Muziek lexicon

Mr. G. Keller en Philip Kruseman (1932)

Gepubliceerd op 15-06-2021

Fluit

betekenis & definitie

(Plaat 87), een (meestal) houten blaasinstr., waarvan twee variëteiten bestaan: de bekfluit en de dwarsfluit. De eerste is uit de muziekbeoefening verdwenen, en wordt nog een enkele maal aangetroffen bij muzikanten in zeer afgelegen Fransche en Italiaansche dorpen.
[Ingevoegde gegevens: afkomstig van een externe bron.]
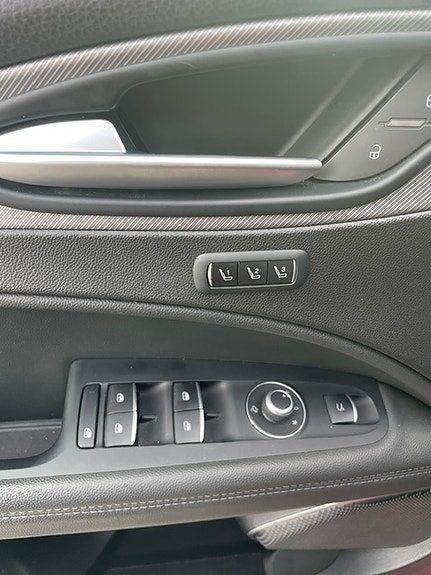 Alfa Romeo Stelvio 11 of 24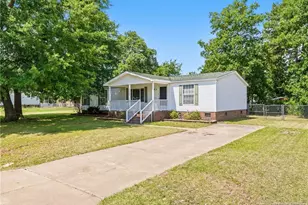 5212 Style Dr, Parkton, NC 28371 - Photo 2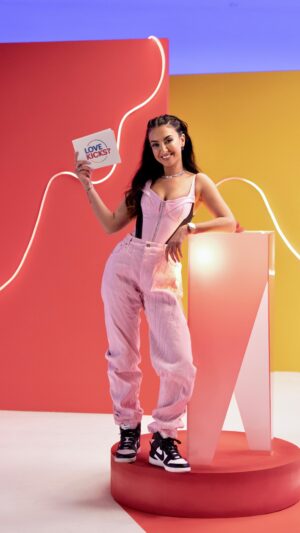 Tamara Dhia Instagram - Episode 1 for @ebaysneakers “Love Kicks?” is officially live! This was so fun to shoot and a lot of incredibly talented people worked hard to bring this to life! Click the link in my bio to watch and see if you have what it takes to beat these contestants 🔥 #ebaypartner #lovekicks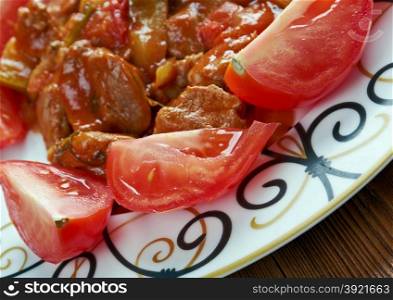 sac yemekleri Kavurma - Turkish dish of lamb and vegetables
Wij kennen haar alleen, in den vorm van kinderspeelgoed: het zes-cents blikken kermisfluitje. De Dwarsfl. wordt — zooals de naam aanduidt — niet recht maar dwars voor den mond gehouden; de speler blaast de lucht over- niet in- een gat, dat in het mondstuk is aangebracht. Andere gaten, die met de vingers kunnen worden afgesloten, dienen om de lucht op verschillende plaatsen te laten ontsnapen, en zoodoende tonen van verschillende hoogte te veroorzaken. Men heeft zich lang met dit, toch nogal gebrekkig, stelsel tevreden gesteld. De fluitist Quantz, leeraar van Frederik d. Gr., bracht de eerste klep op de Fl. aan; langzamerhand werd dat getal uitgebreid. De grootste volmaking onderging de FL toen Boehm, na lange onderzoekingen op natuur- en geluidkundig gebied, (waarbij zijn vriend, de physicus Schafhautl hem ter zijde stond), zijn systeem ging toepassen. Daarmee was op de Fl. alles mogelijk geworden. Een deel der fluitisten begroette die vernieuwing met vreugde, een ander wilde niet ervan hooren, en beweerde dat de toon, te zijnen nadeele, gewijzigd was. Hetzelfde werd gezegd toen men er toe overging fluiten te vervaardigen van (verzilverd) metaal, vaak zelfs van zuiver zilver. De waarheid is dat een goed fluitist op een oude of een Boehmfluit, op een houten of metalen, mooi, goed en zuiver blaast.